HOW TO COMPLETE THIS TASK: Output exactly the lines that come between the start of the material and the line containing "K&ouml;nnte beinhalten: Wei&szlig;er", both ends included, with the pictures omitted.

INPUT DATA:
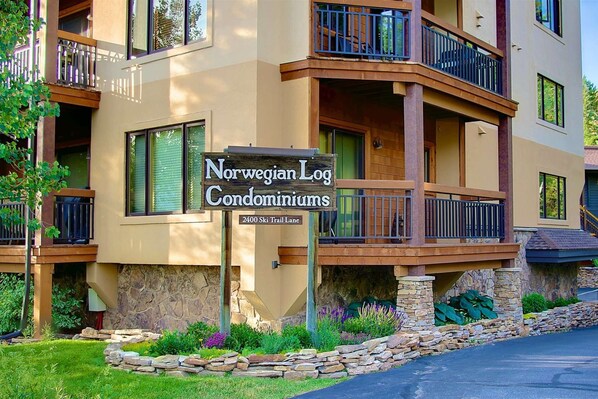 A multi-story building with balconies and a sign for Norwegian Log Condominiums at 2400 Ski Trail Lane. - Hike Out/Walk In w/Unforgettable Views-Hot Tub-Garage-Grill-Deck-W/D in Unit-Fireplace-Updated/Quiet (Steamboat Springs)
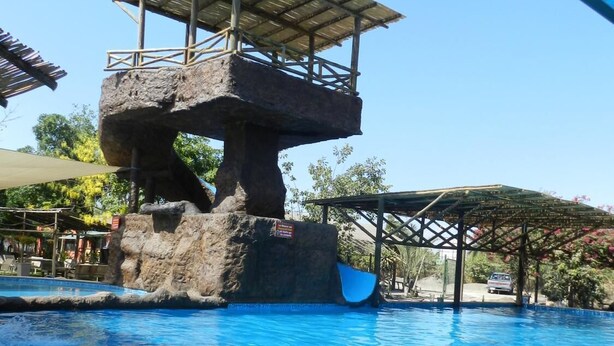 A pool with a rock structure and a slide. - Navola Inn (Culiacán)
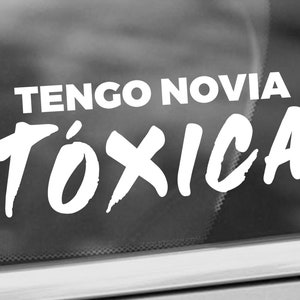 K&ouml;nnte beinhalten: Wei&szlig;er Vinyl-Aufkleber mit dem Text "TENGO NOVIA T&Oacute;XICA" in einer fetten, stilisierten Schrift.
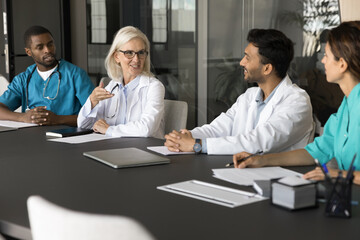 Experienced senior female professor of medicine clinical specialist lead multiethnic doctors group training workshop practicum at modern clinic. Friendly medic team listen to mature leader on seminar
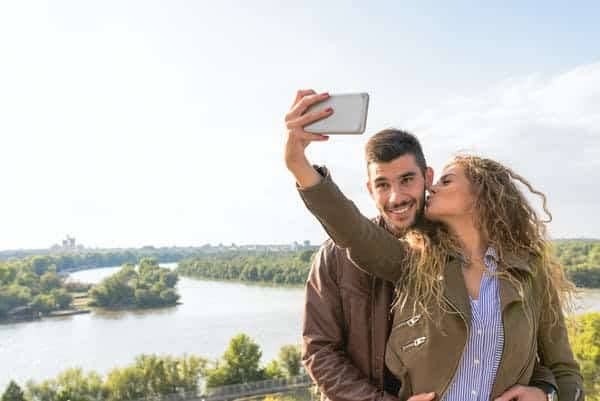 A couple taking a selfie together with a large body of water and green area behind them.
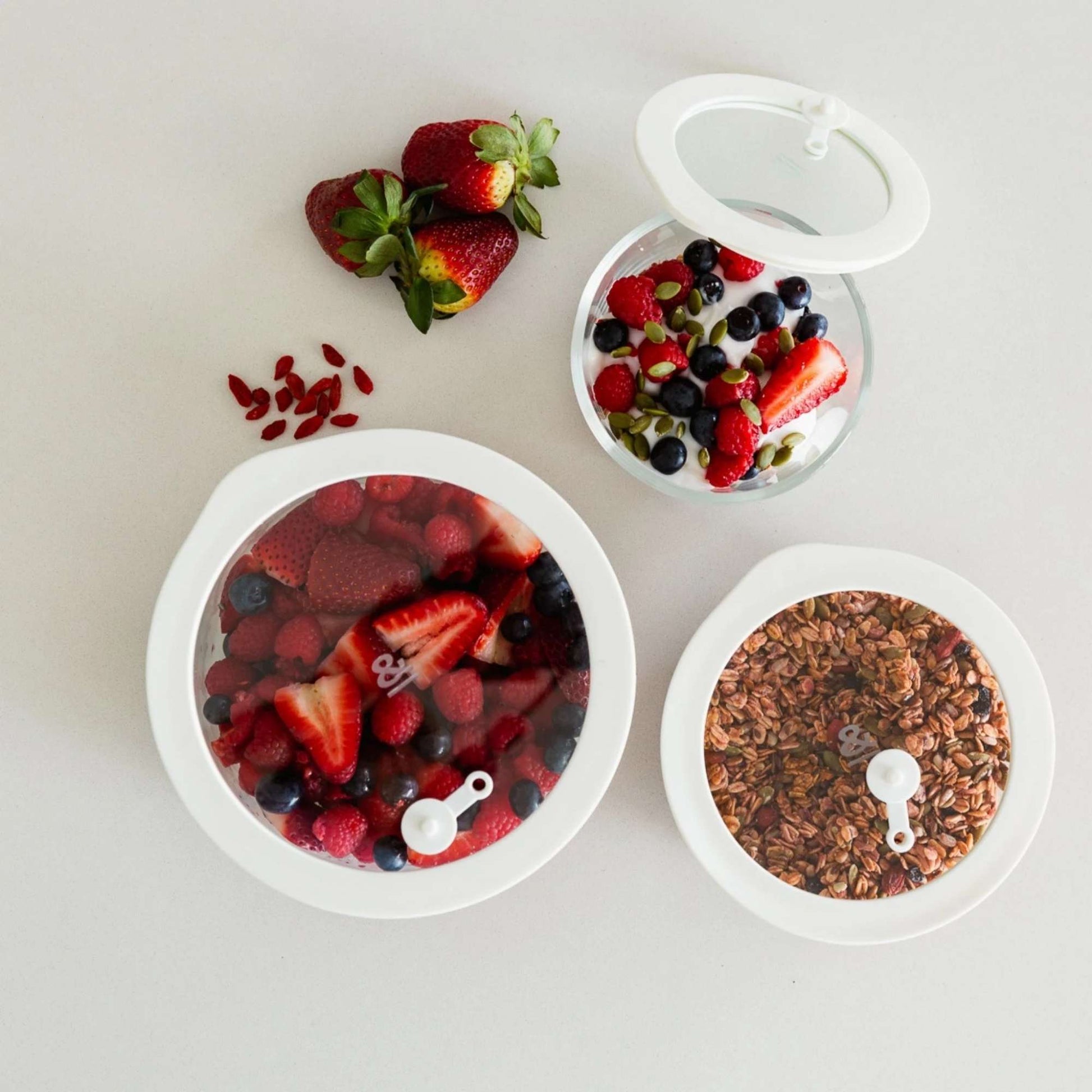 Runde glassbeholdere med glasslokk brukt til oppbevaring av bær, frukt og granola på kjøkkenbenk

SOLUTION TO THE PROBLEM:
 A multi-story building with balconies and a sign for Norwegian Log Condominiums at 2400 Ski Trail Lane. - Hike Out/Walk In w/Unforgettable Views-Hot Tub-Garage-Grill-Deck-W/D in Unit-Fireplace-Updated/Quiet (Steamboat Springs)
 A pool with a rock structure and a slide. - Navola Inn (Culiacán)
 K&ouml;nnte beinhalten: Wei&szlig;er Vinyl-Aufkleber mit dem Text "TENGO NOVIA T&Oacute;XICA" in einer fetten, stilisierten Schrift.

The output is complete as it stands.